▸ **Assignment**
Please filter the entries for the word "Nissan" and copy every line that has it.

▸ **Source data**
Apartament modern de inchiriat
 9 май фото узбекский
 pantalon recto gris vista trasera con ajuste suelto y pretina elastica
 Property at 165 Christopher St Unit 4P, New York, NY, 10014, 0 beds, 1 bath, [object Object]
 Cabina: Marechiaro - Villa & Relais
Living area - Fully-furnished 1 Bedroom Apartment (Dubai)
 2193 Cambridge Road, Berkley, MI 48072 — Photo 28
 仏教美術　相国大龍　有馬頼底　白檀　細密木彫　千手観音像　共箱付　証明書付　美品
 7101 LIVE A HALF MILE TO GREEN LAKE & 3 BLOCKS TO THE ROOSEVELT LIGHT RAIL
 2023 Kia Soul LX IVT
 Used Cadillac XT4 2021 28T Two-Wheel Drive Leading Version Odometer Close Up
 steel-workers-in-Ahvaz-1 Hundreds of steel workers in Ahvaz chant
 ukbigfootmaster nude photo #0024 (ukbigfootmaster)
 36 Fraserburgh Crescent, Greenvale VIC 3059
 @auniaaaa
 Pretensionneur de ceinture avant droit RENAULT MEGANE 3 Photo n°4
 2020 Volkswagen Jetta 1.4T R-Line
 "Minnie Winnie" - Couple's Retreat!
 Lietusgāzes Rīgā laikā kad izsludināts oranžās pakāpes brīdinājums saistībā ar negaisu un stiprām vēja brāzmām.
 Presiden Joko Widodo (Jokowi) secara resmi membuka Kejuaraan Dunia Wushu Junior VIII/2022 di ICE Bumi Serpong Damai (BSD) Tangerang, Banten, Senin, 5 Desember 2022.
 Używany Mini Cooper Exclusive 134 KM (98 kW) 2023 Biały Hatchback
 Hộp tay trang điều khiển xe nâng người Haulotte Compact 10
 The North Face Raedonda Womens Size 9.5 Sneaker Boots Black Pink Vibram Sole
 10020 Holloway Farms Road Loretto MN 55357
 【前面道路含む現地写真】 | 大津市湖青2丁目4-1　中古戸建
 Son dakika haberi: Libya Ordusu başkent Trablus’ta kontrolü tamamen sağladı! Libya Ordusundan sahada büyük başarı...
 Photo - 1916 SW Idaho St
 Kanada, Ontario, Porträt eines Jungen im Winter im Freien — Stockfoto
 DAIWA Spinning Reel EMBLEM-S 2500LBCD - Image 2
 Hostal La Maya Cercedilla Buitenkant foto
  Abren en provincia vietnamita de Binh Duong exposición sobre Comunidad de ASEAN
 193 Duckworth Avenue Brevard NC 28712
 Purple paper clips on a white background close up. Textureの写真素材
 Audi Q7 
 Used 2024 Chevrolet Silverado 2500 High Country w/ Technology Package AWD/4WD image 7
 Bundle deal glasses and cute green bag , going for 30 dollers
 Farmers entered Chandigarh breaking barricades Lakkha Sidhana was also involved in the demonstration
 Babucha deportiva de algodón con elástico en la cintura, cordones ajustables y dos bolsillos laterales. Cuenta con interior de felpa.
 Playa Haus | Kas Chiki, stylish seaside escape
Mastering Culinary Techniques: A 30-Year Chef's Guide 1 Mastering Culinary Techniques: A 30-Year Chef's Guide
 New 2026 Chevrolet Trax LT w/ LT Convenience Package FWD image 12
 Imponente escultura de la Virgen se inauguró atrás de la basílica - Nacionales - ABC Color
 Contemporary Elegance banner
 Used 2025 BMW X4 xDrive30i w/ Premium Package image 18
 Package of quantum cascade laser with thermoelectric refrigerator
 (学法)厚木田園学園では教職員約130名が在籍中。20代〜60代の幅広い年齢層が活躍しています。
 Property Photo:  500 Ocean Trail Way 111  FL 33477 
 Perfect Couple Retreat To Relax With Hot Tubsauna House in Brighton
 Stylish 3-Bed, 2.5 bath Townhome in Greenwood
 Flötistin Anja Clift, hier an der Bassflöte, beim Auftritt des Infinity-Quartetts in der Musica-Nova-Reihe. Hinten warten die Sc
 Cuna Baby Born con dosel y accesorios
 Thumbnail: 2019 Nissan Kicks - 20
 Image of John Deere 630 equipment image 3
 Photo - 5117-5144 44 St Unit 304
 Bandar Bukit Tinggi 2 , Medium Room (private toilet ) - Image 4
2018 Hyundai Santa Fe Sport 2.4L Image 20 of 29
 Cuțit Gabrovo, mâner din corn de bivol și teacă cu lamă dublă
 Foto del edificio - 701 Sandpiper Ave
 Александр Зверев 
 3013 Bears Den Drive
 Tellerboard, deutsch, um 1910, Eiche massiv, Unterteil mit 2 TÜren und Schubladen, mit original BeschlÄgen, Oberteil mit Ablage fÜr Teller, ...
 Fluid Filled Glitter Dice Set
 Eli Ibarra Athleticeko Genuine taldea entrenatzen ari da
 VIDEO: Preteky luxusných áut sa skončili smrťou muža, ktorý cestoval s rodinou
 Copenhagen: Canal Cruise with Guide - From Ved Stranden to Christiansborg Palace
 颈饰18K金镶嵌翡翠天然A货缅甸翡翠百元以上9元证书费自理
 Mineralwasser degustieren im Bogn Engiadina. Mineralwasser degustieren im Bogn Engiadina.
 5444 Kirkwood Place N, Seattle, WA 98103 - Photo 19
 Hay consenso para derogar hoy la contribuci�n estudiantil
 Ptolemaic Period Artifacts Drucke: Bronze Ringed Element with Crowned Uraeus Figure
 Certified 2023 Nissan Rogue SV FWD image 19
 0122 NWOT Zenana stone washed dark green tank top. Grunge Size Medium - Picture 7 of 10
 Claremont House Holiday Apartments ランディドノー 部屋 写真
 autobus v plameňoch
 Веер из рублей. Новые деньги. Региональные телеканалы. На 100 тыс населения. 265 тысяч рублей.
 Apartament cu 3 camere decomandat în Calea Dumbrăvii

▸ **Answer for the task**
 Thumbnail: 2019 Nissan Kicks - 20
 Certified 2023 Nissan Rogue SV FWD image 19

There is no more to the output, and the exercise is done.